TLDRUpFront: The Arab Spring reaches Kiev in Ukraine. A three-day escalation of violence marks the radicalization of the protest movement holding Kiev and demanding governmental reform.
One element of crowd reading in popular protests or uprisings is to watch how they react to police. Throwing stones, or even Molotov cocktails from a distance isn’t necessarily a worrying sign. (In South Korea they call that a Saturday!) But when the protestors charge well-equipped riot police or the police fall back in the face of the protestors, repeatedly and start heading for cover, that’s a bad sign for state control. The state either needs to fall back, surrendering the city center to the protestors, which is what happened in the Egyptian uprising of Tahrir Square – or call in the military.
“New violence erupted in Ukraine’s capital during the night as a large crowd attacked a government exposition and conference hall where police were stationed inside. Early Sunday, demonstrators were throwing firebombs into the Ukrainian House building and setting off fireworks, and police responded with tear gas. Although the crowd created a corridor at the building’s entrance apparently for police to leave, none were seen coming out.”
A potential flashpoint will come Tuesday when the Parliament is supposed to be seated for the new session. The Parliament is only about 1km, a 6min walk according to Google Maps, from where the riot police are currently holed up. If you surrender the city center before then – you surrender the ability to seat the government to the protestors.[z]
There’s an interesting window where Putin could be constrained as to what pressure he can exert through his client government in Ukraine – given that the Sochi Olympics are coming up on Feb 6, the Monday after next. Putin wants the world’s attention on the Russian Olympics, not on protestors getting run over in Kiev. I say “could be” because Putin is not the kind of leader who responds well to normal constraints on behavior.

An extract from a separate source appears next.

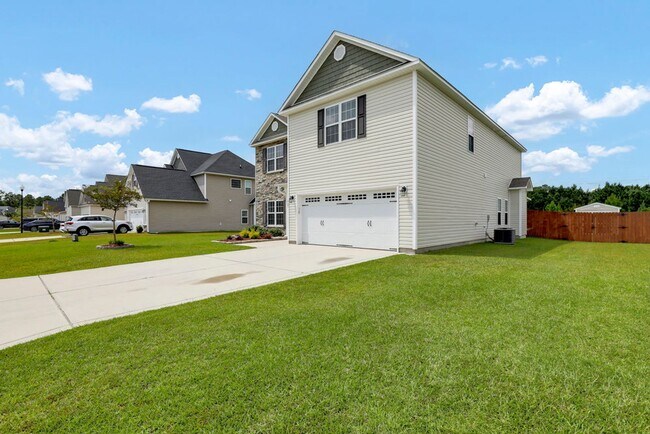 Foto del edificio - 427 Worsley Wy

Did some searching for a better perspective on the Kiev protests. A photojournalist with the LJ handle of Varlamovru spent three days on the barriers[Y]. Varlamovru provides a great first-person perspective on the action at the epicenter of the protests, including lots of ‘slice of life’ on how logistics are managed, how are protesters staying warm and fed. It is entirely biased in that he’s reporting only from the side of the protestors. But the pictures are amazing – creating a great photo catalog of over 50 pictures for the events of January 22-23rd.
Some of my favorite photos and captains, but check out his LJ for more examples (captions are Varlamovru’s):
14. Actually the center of Kiev is very pretty right now.
17. Catapult 1, seized and destroyed, is replaced by Catapult – 2. In reality it’s just a large slingshot, but to keep continuity the call it Catapult – 2.
48. Protestors are making photos in front of Berkut, Berkut in front of the protestors – war is war, but everyone needs to updates pics in social networks.